Chesapeake Forest Case Study To achieve these objectives, the State advertised, negotiated, and awarded a multiyear contract with a lumber company. This innovative agreement allows the company to harvest up to 1,000 acres of timber annually, an environmentally sustainable level. In return, the lumber firm is required to manage the Chesapeake Forest to the State’s silvicultural standards. Harvesting of timber is allowed only where consonant with the environmental objectives of water quality and wildlife habitat. The partners, State and timber company, share the profits generated from the sale of timber, with a 15 percent share of sales revenues also directed to the local county governments. To minimize risk to its private partner, the State agreed to compensate the lumber company for any losses in the first two years.

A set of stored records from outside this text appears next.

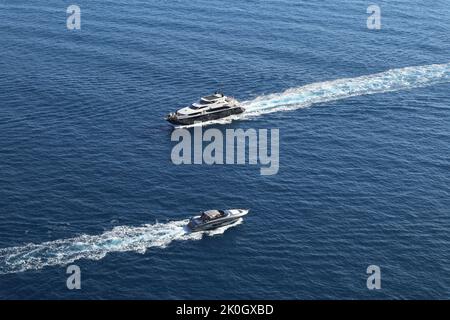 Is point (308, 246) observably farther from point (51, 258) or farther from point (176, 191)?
point (51, 258)

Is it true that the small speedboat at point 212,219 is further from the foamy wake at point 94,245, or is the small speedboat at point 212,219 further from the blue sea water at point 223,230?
the blue sea water at point 223,230

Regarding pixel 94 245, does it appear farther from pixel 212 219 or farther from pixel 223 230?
pixel 223 230

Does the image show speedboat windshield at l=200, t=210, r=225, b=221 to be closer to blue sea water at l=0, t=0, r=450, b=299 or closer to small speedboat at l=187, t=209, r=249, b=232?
small speedboat at l=187, t=209, r=249, b=232

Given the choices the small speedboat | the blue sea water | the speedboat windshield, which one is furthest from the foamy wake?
the speedboat windshield

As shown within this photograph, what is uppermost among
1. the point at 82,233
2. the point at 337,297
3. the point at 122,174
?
the point at 122,174

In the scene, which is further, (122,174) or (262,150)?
(262,150)

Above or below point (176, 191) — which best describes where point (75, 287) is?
A: below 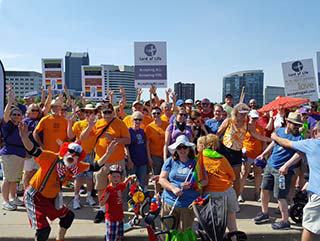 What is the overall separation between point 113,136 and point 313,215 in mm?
3146

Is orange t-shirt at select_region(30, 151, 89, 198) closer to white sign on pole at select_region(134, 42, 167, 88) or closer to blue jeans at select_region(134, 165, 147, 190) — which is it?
blue jeans at select_region(134, 165, 147, 190)

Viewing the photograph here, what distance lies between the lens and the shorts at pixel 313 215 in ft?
11.0

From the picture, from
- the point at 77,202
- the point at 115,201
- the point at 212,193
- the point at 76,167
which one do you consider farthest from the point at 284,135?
the point at 77,202

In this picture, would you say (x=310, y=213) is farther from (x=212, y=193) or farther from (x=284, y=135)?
(x=284, y=135)

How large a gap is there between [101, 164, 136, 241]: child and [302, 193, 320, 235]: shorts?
2337 mm

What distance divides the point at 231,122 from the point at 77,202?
10.6ft

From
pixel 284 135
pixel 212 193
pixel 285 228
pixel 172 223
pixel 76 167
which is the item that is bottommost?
pixel 285 228

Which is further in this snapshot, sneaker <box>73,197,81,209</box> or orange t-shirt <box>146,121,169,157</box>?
orange t-shirt <box>146,121,169,157</box>

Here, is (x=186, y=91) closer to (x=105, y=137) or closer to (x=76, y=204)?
(x=105, y=137)

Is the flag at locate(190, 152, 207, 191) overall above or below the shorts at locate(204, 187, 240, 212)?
above

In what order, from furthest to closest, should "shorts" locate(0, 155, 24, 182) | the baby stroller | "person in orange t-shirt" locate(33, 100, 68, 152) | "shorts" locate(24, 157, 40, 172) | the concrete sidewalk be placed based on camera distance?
1. "shorts" locate(24, 157, 40, 172)
2. "shorts" locate(0, 155, 24, 182)
3. "person in orange t-shirt" locate(33, 100, 68, 152)
4. the concrete sidewalk
5. the baby stroller

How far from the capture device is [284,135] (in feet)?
15.0

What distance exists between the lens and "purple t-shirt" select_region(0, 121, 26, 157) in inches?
208

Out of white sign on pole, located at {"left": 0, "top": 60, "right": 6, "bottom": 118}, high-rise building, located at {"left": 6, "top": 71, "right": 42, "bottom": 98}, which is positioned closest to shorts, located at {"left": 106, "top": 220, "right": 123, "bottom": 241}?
white sign on pole, located at {"left": 0, "top": 60, "right": 6, "bottom": 118} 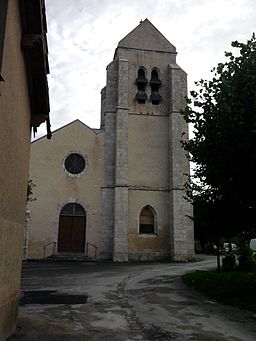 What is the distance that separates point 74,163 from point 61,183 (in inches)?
73.6

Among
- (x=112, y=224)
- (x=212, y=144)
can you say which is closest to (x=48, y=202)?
(x=112, y=224)

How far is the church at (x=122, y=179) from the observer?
27016 mm

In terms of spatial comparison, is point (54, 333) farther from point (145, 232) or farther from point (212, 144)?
point (145, 232)

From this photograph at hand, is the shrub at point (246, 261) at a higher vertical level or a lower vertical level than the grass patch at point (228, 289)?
higher

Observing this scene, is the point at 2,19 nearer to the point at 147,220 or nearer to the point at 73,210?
the point at 73,210

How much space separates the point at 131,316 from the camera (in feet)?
28.3

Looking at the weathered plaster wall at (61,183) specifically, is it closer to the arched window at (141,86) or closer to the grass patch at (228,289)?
the arched window at (141,86)

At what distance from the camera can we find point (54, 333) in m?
6.78

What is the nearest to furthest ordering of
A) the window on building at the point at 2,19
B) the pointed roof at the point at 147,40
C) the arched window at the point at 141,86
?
the window on building at the point at 2,19 < the arched window at the point at 141,86 < the pointed roof at the point at 147,40

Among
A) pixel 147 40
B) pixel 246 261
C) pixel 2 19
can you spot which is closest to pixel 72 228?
pixel 246 261

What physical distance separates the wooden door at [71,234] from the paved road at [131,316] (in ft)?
43.5

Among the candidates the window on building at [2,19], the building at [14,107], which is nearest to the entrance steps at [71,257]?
the building at [14,107]

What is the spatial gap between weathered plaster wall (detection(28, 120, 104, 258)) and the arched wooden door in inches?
13.6

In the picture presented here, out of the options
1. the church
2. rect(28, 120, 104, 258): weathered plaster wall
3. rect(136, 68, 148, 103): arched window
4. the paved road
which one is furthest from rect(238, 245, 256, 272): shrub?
rect(136, 68, 148, 103): arched window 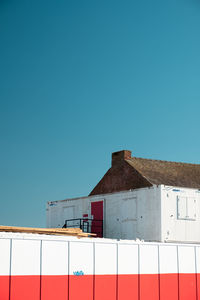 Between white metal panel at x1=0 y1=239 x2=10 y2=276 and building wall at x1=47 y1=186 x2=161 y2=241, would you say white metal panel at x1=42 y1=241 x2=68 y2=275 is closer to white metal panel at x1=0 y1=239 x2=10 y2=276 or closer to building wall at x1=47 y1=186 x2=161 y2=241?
white metal panel at x1=0 y1=239 x2=10 y2=276

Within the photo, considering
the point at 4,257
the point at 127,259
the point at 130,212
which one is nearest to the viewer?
the point at 4,257

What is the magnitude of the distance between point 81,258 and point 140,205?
8602mm

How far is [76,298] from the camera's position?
22375 millimetres

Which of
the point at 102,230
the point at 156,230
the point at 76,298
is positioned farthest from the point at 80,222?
the point at 76,298

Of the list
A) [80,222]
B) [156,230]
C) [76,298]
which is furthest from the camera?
[80,222]

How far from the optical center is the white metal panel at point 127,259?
2469cm

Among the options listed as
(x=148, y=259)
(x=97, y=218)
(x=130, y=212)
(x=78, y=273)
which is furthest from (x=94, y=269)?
(x=97, y=218)

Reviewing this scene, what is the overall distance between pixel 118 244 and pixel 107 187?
14.4 meters

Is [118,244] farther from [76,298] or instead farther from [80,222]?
[80,222]

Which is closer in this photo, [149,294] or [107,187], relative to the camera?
[149,294]

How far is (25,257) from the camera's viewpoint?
2089cm

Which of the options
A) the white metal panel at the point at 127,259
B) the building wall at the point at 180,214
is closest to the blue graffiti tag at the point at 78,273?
the white metal panel at the point at 127,259

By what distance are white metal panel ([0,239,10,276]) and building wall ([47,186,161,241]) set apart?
1163 cm

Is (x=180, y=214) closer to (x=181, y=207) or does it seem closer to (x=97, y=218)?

However, this guarantee was never triggered, since the partnership has generated a profit every year since its inception. The lumber company is required to keep a fully accessible and transparent accounting system, open to the State’s review, and audited by an independent accounting firm.
Chesapeake Forest Case Study – Outcomes The forest is sustainably managed, to the State’s standards. Instead of paying for the forest management services, the state receives payment each year. Job training and education programs have minimized the impact of reduced lumber employment in the region.